→ **Raw data**:

# # #

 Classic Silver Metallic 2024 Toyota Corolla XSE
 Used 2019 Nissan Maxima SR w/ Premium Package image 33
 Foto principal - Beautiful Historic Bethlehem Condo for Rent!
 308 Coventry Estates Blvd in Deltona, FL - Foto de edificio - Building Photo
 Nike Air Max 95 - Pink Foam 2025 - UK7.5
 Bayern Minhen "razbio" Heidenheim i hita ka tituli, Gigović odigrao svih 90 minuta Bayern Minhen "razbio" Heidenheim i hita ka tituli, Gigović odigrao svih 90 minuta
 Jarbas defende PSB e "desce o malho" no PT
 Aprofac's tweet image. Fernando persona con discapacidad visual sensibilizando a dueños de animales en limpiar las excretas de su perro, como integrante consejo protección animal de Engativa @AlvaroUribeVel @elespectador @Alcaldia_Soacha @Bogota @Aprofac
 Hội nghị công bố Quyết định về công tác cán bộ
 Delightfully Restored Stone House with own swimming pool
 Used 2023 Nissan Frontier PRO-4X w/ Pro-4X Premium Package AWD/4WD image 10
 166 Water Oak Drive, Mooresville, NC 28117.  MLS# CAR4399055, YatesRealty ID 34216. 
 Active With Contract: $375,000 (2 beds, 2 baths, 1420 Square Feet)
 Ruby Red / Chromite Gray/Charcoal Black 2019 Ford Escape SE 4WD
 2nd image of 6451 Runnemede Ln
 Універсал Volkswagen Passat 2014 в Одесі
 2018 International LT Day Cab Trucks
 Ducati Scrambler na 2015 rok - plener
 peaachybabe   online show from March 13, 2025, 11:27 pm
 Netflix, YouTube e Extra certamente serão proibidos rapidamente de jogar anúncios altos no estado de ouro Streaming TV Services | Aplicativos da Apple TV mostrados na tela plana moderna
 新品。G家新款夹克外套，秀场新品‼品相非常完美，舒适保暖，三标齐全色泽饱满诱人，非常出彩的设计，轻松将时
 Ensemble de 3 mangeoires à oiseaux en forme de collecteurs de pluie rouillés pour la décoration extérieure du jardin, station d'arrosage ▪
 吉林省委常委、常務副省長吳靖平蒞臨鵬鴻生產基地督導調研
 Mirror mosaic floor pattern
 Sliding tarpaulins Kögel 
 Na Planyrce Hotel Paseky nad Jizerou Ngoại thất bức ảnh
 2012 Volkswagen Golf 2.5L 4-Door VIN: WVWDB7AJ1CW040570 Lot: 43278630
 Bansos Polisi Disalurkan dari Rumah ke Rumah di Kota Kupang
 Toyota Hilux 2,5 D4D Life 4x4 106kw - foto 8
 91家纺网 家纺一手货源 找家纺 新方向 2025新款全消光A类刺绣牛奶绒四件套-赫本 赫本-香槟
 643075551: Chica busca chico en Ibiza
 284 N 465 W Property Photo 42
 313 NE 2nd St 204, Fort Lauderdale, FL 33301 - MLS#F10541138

# # #

→ **What you should do**: The task requires that all the material be restated word for word.

→ **Response area**:
 Classic Silver Metallic 2024 Toyota Corolla XSE
 Used 2019 Nissan Maxima SR w/ Premium Package image 33
 Foto principal - Beautiful Historic Bethlehem Condo for Rent!
 308 Coventry Estates Blvd in Deltona, FL - Foto de edificio - Building Photo
 Nike Air Max 95 - Pink Foam 2025 - UK7.5
 Bayern Minhen "razbio" Heidenheim i hita ka tituli, Gigović odigrao svih 90 minuta Bayern Minhen "razbio" Heidenheim i hita ka tituli, Gigović odigrao svih 90 minuta
 Jarbas defende PSB e "desce o malho" no PT
 Aprofac's tweet image. Fernando persona con discapacidad visual sensibilizando a dueños de animales en limpiar las excretas de su perro, como integrante consejo protección animal de Engativa @AlvaroUribeVel @elespectador @Alcaldia_Soacha @Bogota @Aprofac
 Hội nghị công bố Quyết định về công tác cán bộ
 Delightfully Restored Stone House with own swimming pool
 Used 2023 Nissan Frontier PRO-4X w/ Pro-4X Premium Package AWD/4WD image 10
 166 Water Oak Drive, Mooresville, NC 28117.  MLS# CAR4399055, YatesRealty ID 34216. 
 Active With Contract: $375,000 (2 beds, 2 baths, 1420 Square Feet)
 Ruby Red / Chromite Gray/Charcoal Black 2019 Ford Escape SE 4WD
 2nd image of 6451 Runnemede Ln
 Універсал Volkswagen Passat 2014 в Одесі
 2018 International LT Day Cab Trucks
 Ducati Scrambler na 2015 rok - plener
 peaachybabe   online show from March 13, 2025, 11:27 pm
 Netflix, YouTube e Extra certamente serão proibidos rapidamente de jogar anúncios altos no estado de ouro Streaming TV Services | Aplicativos da Apple TV mostrados na tela plana moderna
 新品。G家新款夹克外套，秀场新品‼品相非常完美，舒适保暖，三标齐全色泽饱满诱人，非常出彩的设计，轻松将时
 Ensemble de 3 mangeoires à oiseaux en forme de collecteurs de pluie rouillés pour la décoration extérieure du jardin, station d'arrosage ▪
 吉林省委常委、常務副省長吳靖平蒞臨鵬鴻生產基地督導調研
 Mirror mosaic floor pattern
 Sliding tarpaulins Kögel 
 Na Planyrce Hotel Paseky nad Jizerou Ngoại thất bức ảnh
 2012 Volkswagen Golf 2.5L 4-Door VIN: WVWDB7AJ1CW040570 Lot: 43278630
 Bansos Polisi Disalurkan dari Rumah ke Rumah di Kota Kupang
 Toyota Hilux 2,5 D4D Life 4x4 106kw - foto 8
 91家纺网 家纺一手货源 找家纺 新方向 2025新款全消光A类刺绣牛奶绒四件套-赫本 赫本-香槟
 643075551: Chica busca chico en Ibiza
 284 N 465 W Property Photo 42
 313 NE 2nd St 204, Fort Lauderdale, FL 33301 - MLS#F10541138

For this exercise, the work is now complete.